Drop duplicated rows

Usage

<DataFrame>$unique(subset = NULL, ..., keep = "any", maintain_order = FALSE)

Arguments

subset A character vector with the names of the column(s) to use to identify duplicates. If NULL (default), use all columns.
Not used.
keep Which of the duplicate rows to keep:
  • “any” (default): Does not give any guarantee of which row is kept. This allows more optimizations.
  • “first”: Keep first unique row.
  • “last”: Keep last unique row.
  • “none”: Don’t keep duplicate rows.
maintain_order Keep the same order as the original data.

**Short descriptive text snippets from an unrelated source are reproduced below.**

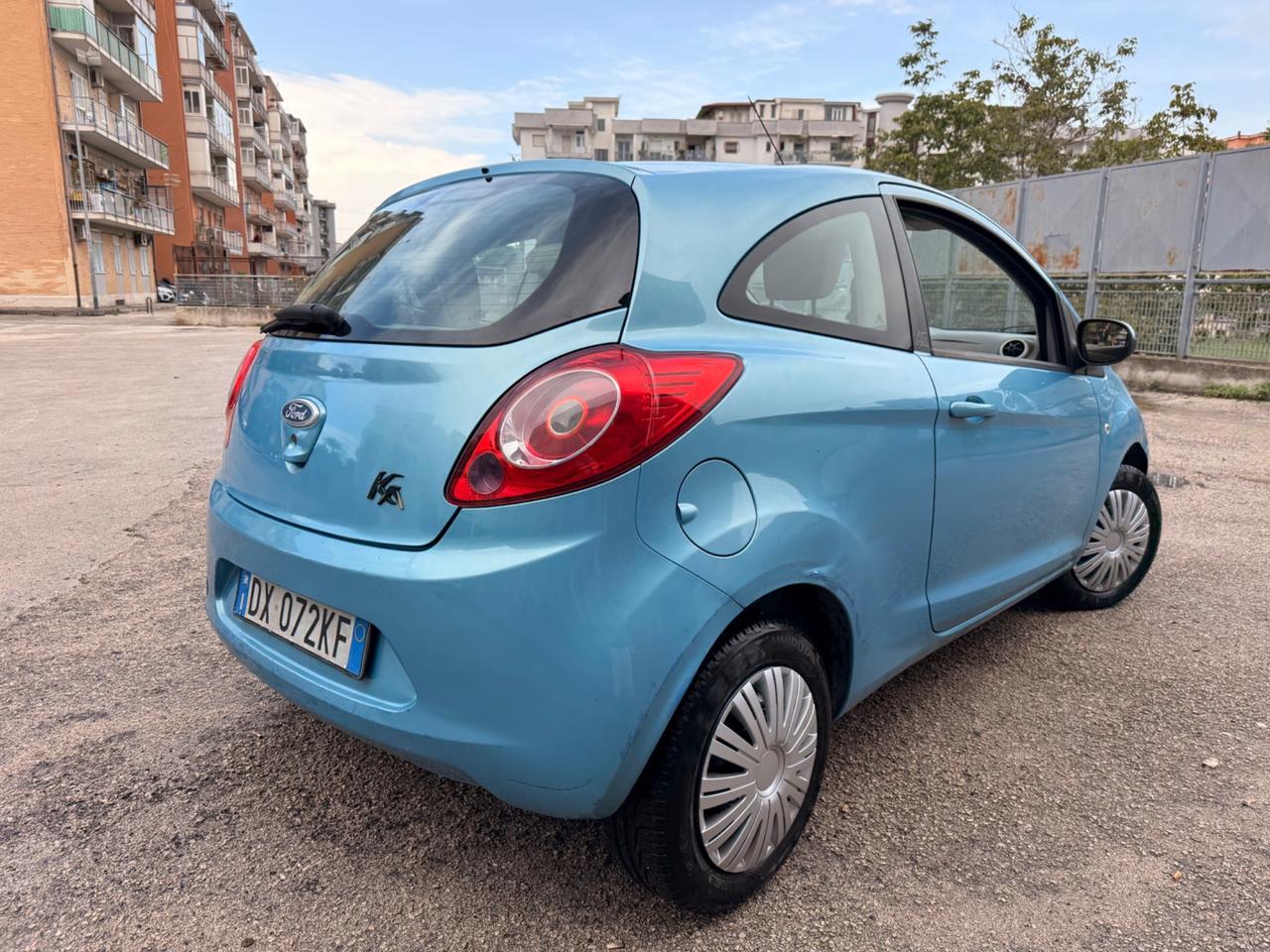 Ford Ka 1.2Benz 69CV Titanium Full Perfett km190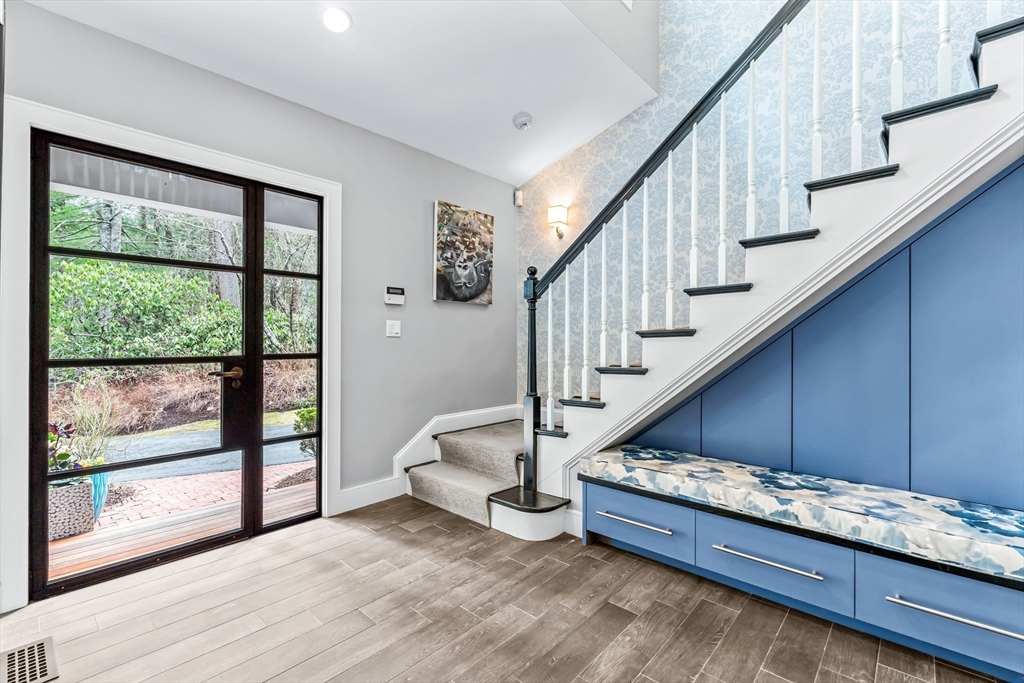 5 bed, 4+ bath apartment for rent at 22 Chadwick Rd Unit 22, Weston — photo 13 of 32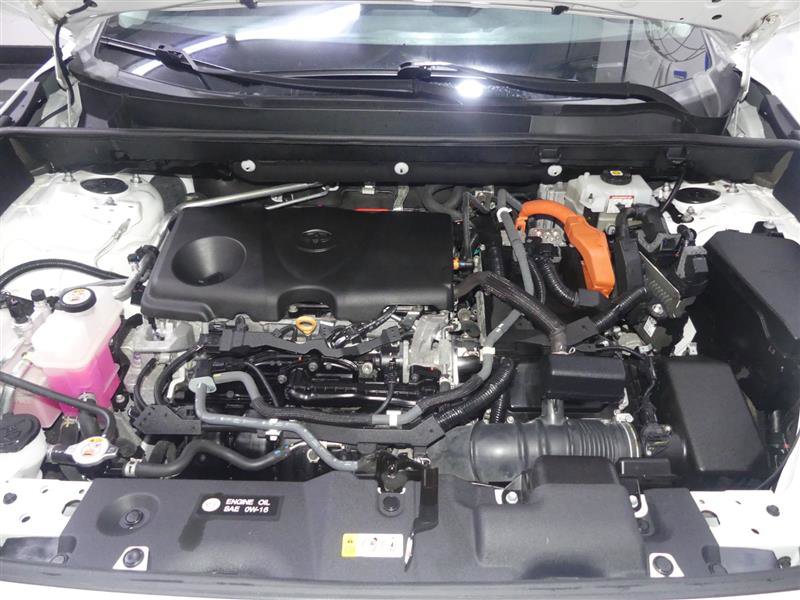 Used 2021 Toyota RAV4 LE image 12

Setting this to TRUE makes it more expensive to compute and blocks the possibility to run on the streaming engine.

Value

DataFrame

Examples

library(polars)

df = pl$DataFrame(
  x = c(1:3, 1:3, 3:1, 1L),
  y = c(1:3, 1:3, 1:3, 1L)
)
df$height
#> [1] 10
df$unique()$height
#> [1] 5
# subset to define unique, keep only last or first
df$unique(subset = "x", keep = "last")
#> shape: (3, 2)
#> ┌─────┬─────┐
#> │ x   ┆ y   │
#> │ --- ┆ --- │
#> │ i32 ┆ i32 │
#> ╞═════╪═════╡
#> │ 2   ┆ 2   │
#> │ 1   ┆ 1   │
#> │ 3   ┆ 1   │
#> └─────┴─────┘
df$unique(subset = "x", keep = "first")
#> shape: (3, 2)
#> ┌─────┬─────┐
#> │ x   ┆ y   │
#> │ --- ┆ --- │
#> │ i32 ┆ i32 │
#> ╞═════╪═════╡
#> │ 3   ┆ 3   │
#> │ 2   ┆ 2   │
#> │ 1   ┆ 1   │
#> └─────┴─────┘
# only keep unique rows
df$unique(keep = "none")
#> shape: (2, 2)
#> ┌─────┬─────┐
#> │ x   ┆ y   │
#> │ --- ┆ --- │
#> │ i32 ┆ i32 │
#> ╞═════╪═════╡
#> │ 3   ┆ 1   │
#> │ 1   ┆ 3   │
#> └─────┴─────┘